DEAR MISS MANNERS: While helping a friend move from one apartment to another, I accidentally dropped a box marked “fragile.” It turns out that I broke a decanter that cost more than $500 (most of her belongings are not nearly this expensive).
My friend has asked me to reimburse her for half the price. I appreciate that she’s trying to “meet me halfway” by covering half the cost herself, and I feel terrible, but I can’t afford to spend $250 right now. I also think that she should have had such an expensive item insured.
I was just trying to help her (at her own request), and now I’m afraid that I’m going to ruin the friendship. Does etiquette dictate that I must pay for all or part of such an expensive item?

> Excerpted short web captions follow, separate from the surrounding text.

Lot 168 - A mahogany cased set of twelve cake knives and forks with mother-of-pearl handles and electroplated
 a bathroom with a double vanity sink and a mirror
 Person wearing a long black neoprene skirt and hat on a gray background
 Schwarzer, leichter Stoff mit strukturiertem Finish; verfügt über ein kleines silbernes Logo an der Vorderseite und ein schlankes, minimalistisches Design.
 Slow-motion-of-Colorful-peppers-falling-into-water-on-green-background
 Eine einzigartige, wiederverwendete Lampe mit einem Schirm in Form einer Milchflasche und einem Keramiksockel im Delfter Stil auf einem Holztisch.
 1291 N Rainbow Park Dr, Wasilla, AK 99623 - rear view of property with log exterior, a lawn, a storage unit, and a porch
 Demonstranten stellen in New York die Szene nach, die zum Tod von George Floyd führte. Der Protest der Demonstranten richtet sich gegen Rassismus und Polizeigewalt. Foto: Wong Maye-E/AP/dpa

GENTLE READER: It is always gracious for guests to offer to replace any property that they damaged – and for hosts to demur, knowing that a reasonable amount of damage is part of the cost of entertaining.
In this case, you were acting, in effect, as an employee, rather than a guest, even though your reason for doing so was for the sake of friendship, not pay. And breakage is also part of the cost of doing business. That is why employers carry insurance. Had you injured yourself as a result of the work you were asked to do, Miss Manners hopes that your friend would have stepped in to defray any reasonable associated medical costs.
How this will affect your friendship, Miss Manners cannot say. That your friend calculated the cost of her property without allowing for the donation of your labor is not a good sign.